VANCOUVER -- As the holiday season approaches, an industry that has seen deaths and some risky situations is now under increased scrutiny, according to the province.

The government says 2019 will mark a new high in the number of inspections conducted on party buses and limousines in BC in recent years, but they can’t yet provide the hard data to show how many vehicles have been checked, how many infractions have been discovered, and how many tickets or fines have been handed out.

"Our checks are still continuing and we’re tallying the numbers," said Perry Dennis, deputy director with the Commercial Vehicle Safety and Enforcement Branch.

Surrey Guildford MLA Garry Begg said by the end of this year, enforcement officers will have conducted more checks on party buses and limos than in the previous three years combined.

"We’ve also increased the number of inspectors," said Begg. "There will be, all throughout this season and again when graduation time comes around, additional sort of boots on the ground to deal with it."

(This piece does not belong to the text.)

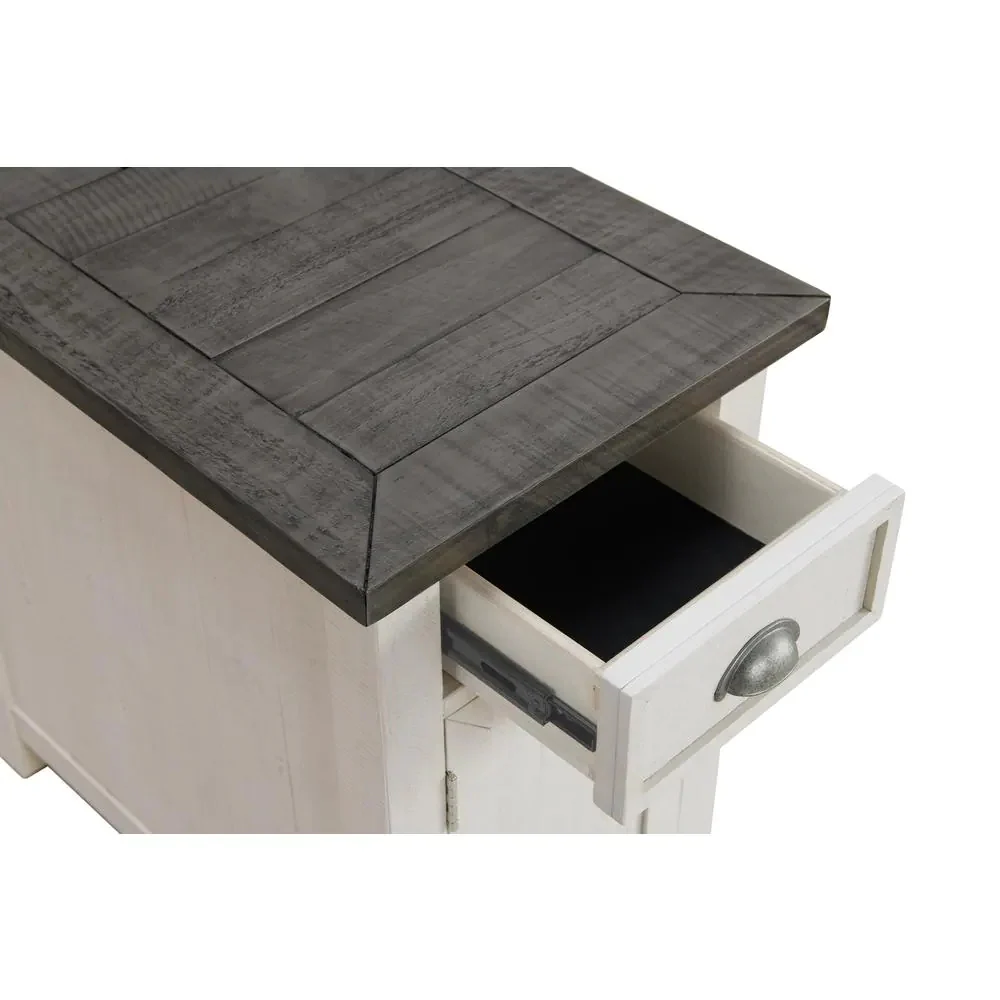 Monterey Chairside End Table with Power by Martin Svensson Home - Image 3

The industry has seen a toughening up of regulations and increased penalties with maximum fines jumping to $50,000 for non-compliance. New regulations now require a safety monitor trained in first aid to be on board with any unaccompanied minors. Operators also have to obtain consent from parents before minors can travel with them.

Julie Upton Raymond and her family have been lobbying for changes ever since her 16-year-old daughter Shannon died after taking ecstasy and drinking on a party bus in 2008. She told CTV News while news of the increased inspections comes "too little, too late" for her family, it has the potential to help other people.

"It goes a long way to prevent that same tragedy unfolding for other families," she said.

There have been other concerning incidents involving party buses this year, including a video that surfaced in July of a man on the roof of a moving bus, which sparked an investigation. In September, the Surrey RCMP said they stopped a party bus over the summer carrying 40 drunk underage passengers.

Upton Raymond believes the new fines will be a deterrent. She also wants parents to ask tough questions if their children are taking a party bus to ensure the rules are being followed.

"I didn’t ask those hard questions because I trusted her and I trusted the people she was with," said Upton Raymond. "Be diligent. I wasn’t. My daughter died."